Seperti diketahui, pujian sering membuat orang lupa diri dan pada akhirnya membuat orang tidak dapat mengendalikan diri. Banyak tokoh dan pemimpin yang jatuh karena mereka mabuk pujian. Padahal, ibarat pepatah asing yang sangat populer, pujian itu mirip parfum yang menebarkan bau harum untuk dihirup dan, bukan kemudian untuk diminum dengan asumsi biar lebih wangi, yang justru malah berakibat fatal. Ungkapan tersebut berbunyi, “Praise is a perfume to smell but not to swallow.”
Dalam perjalanan sejarah dapat ditarik asumsi bahwa dalam batasan tertentu, pujian akan dapat melahirkan semangat kultus individu, seperti yang terjadi pada masa Demokrasi Terpimpin. Kultus individu, ternyata, dalam sejarah telah banyak menghancurkan banyak tokoh dunia, seperti yang digambarkan oleh Michael Hart yang menulis buku Seratus Tokoh yang Paling Berpengaruh dalam Sejarah Peradaban Dunia.

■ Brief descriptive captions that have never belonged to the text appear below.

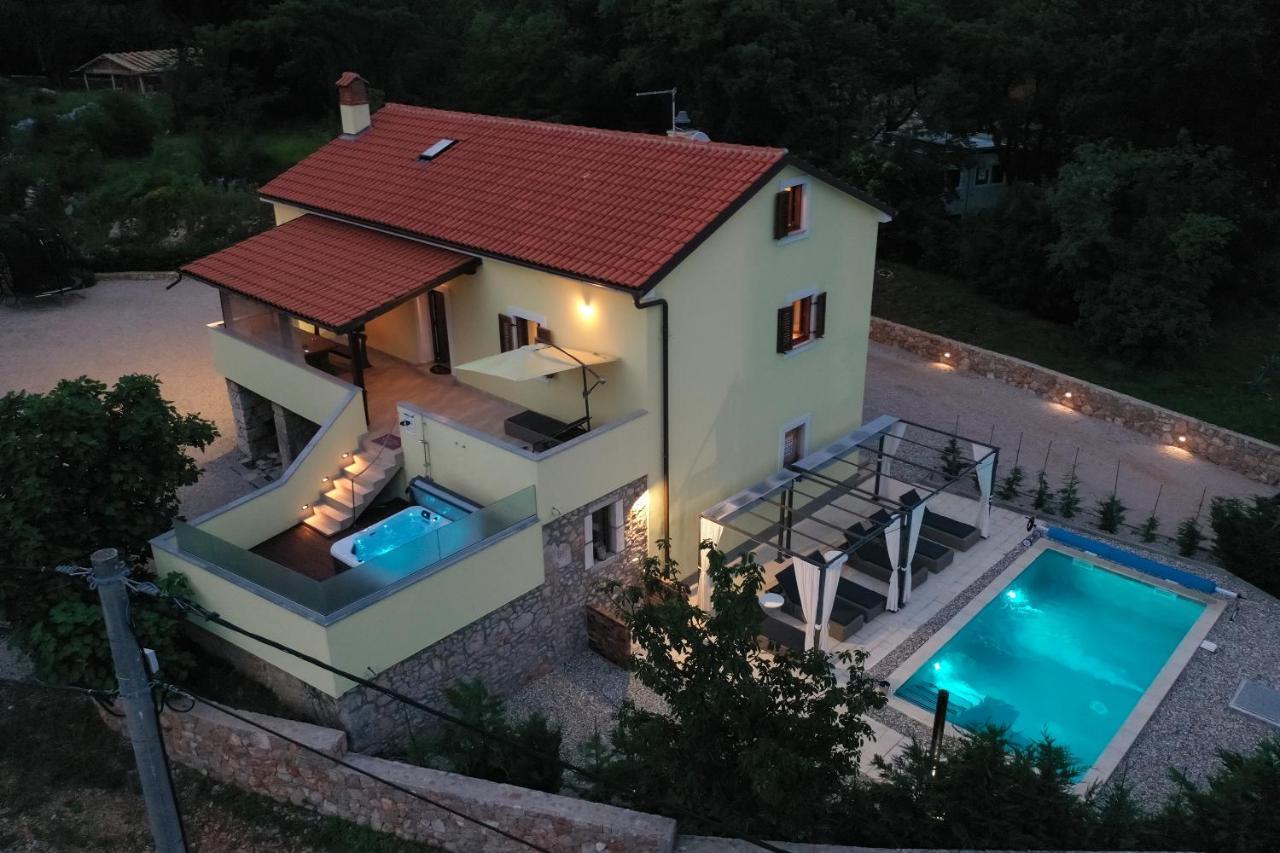 Holiday Home Tos Risika Kültér fotó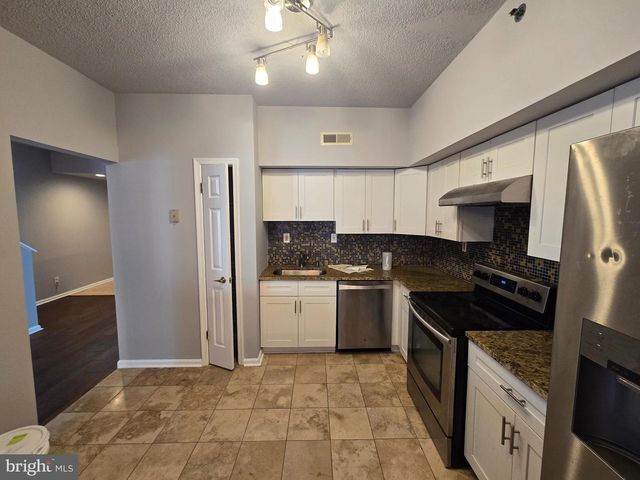 6163 MAIN ST, Voorhees, NJ 08043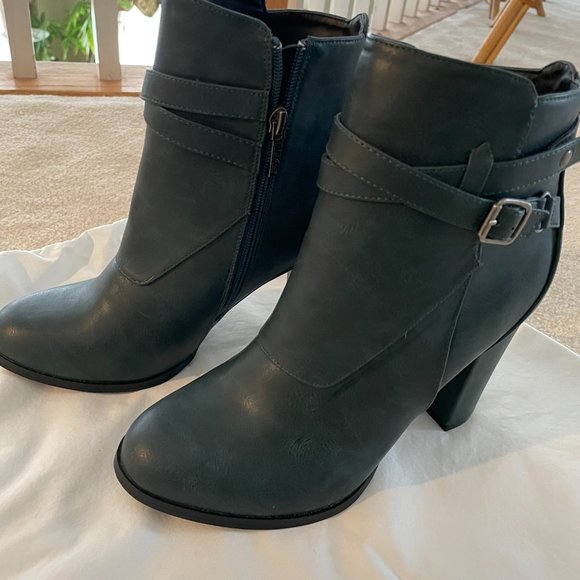 Gorgeous Dress Booties - Picture 2 of 9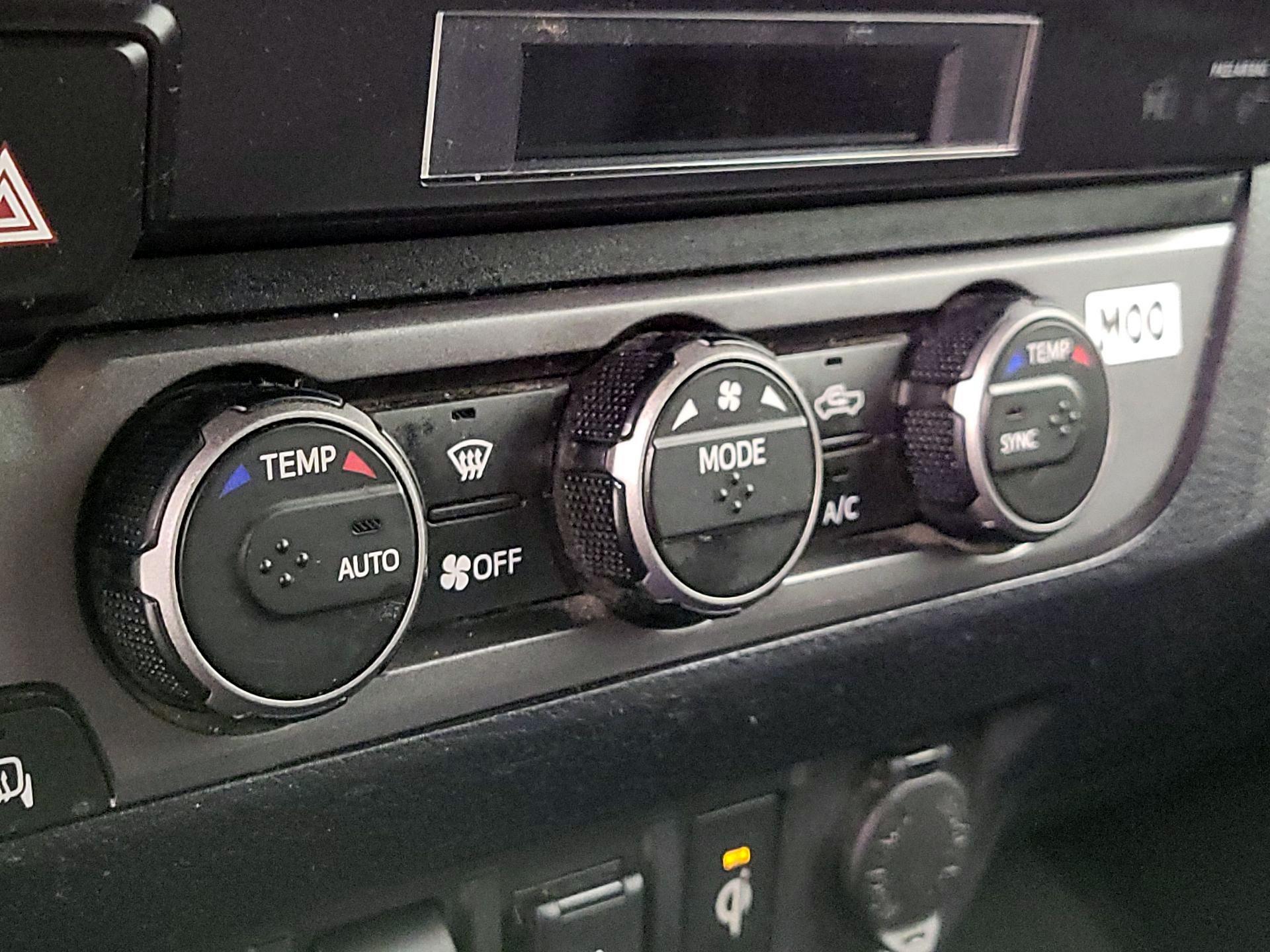 Thumbnail: 2021 Toyota Tacoma - 16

Dia memilih Nabi Muhammad saw. sebagai tokoh nomor satu dengan alasan ajaran Nabi Muhammad hingga sampai saat ini terbukti memiliki kadar autentisitas, kemurnian yang paling tinggi dan jauh dari kultus individu. Dalam hal kultus individu, Nabi Muhammad saw. jauh-jauh justru mengatakan kepada umatnya bahwa dirinya hanyalah manusia biasa, “Anâ ‘abdun wa rasûlun.”
Sebagai orang beriman, umat Islam diajarkan untuk tidak berlaku sombong, tapi juga dilarang berendah diri. Orang beriman hendaknya berlaku rendah hati kepada sesama bukan rendah diri, sebagaimana dalam Al-Quran disebutkan, Janganlah kamu bersikap lemah, dan jangan (pula) kamu bersedih hati, padahal kamulah orang-orang yang paling tinggi (derajatnya) jika kamu orang-orang beriman. (QS âli ‘Imrân [3]: 139).
Kembali menyinggung hidayah atau petunjuk dari Allah Swt. Hidayah tidak diberikan secara gratis, tapi hidayah membutuhkan pengkondisian ruhani, di antaranya adalah mampu menjauhkan diri dari rasa sombong yang dapat menghalangi datangnya hidayah.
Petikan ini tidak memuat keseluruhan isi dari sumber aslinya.